++++ Given records ++++
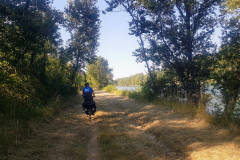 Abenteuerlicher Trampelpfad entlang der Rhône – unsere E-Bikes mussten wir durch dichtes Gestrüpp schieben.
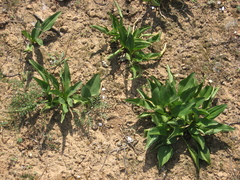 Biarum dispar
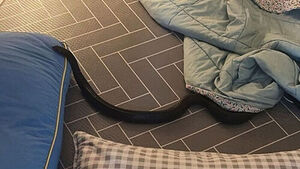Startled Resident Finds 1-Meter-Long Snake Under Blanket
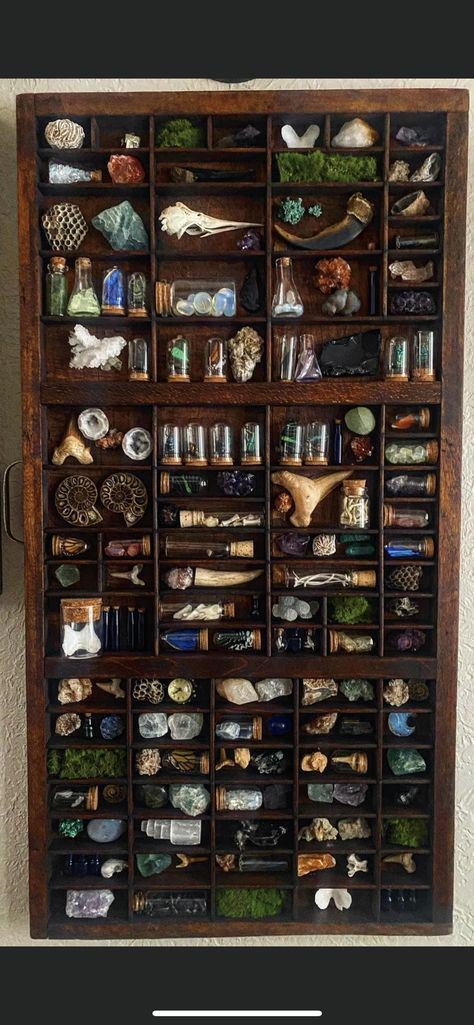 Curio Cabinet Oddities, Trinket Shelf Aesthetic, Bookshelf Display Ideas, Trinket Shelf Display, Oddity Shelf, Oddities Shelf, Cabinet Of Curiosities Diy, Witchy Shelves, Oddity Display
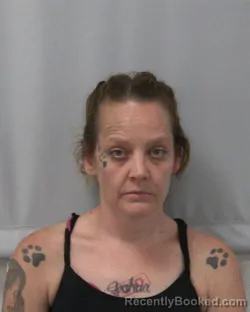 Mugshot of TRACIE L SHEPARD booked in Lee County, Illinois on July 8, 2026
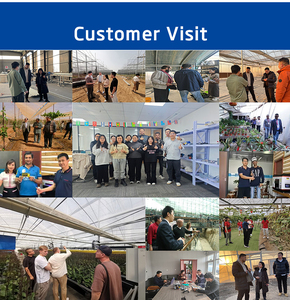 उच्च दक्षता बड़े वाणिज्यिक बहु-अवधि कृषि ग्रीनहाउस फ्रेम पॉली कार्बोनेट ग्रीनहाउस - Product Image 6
++++
++++ Given records ++++
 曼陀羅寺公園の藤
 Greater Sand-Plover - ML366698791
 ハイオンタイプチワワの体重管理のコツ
++++
● **Try it**
The reply should hold exactly the lines above, starting at the line with "Abenteuerlicher Trampelpfad entlang" and ending at the line with "उच्च दक्षता बड़े", and no pictures.

● **Written answer**
 Abenteuerlicher Trampelpfad entlang der Rhône – unsere E-Bikes mussten wir durch dichtes Gestrüpp schieben.
 Biarum dispar
Startled Resident Finds 1-Meter-Long Snake Under Blanket
 Curio Cabinet Oddities, Trinket Shelf Aesthetic, Bookshelf Display Ideas, Trinket Shelf Display, Oddity Shelf, Oddities Shelf, Cabinet Of Curiosities Diy, Witchy Shelves, Oddity Display
 Mugshot of TRACIE L SHEPARD booked in Lee County, Illinois on July 8, 2026
 उच्च दक्षता बड़े वाणिज्यिक बहु-अवधि कृषि ग्रीनहाउस फ्रेम पॉली कार्बोनेट ग्रीनहाउस - Product Image 6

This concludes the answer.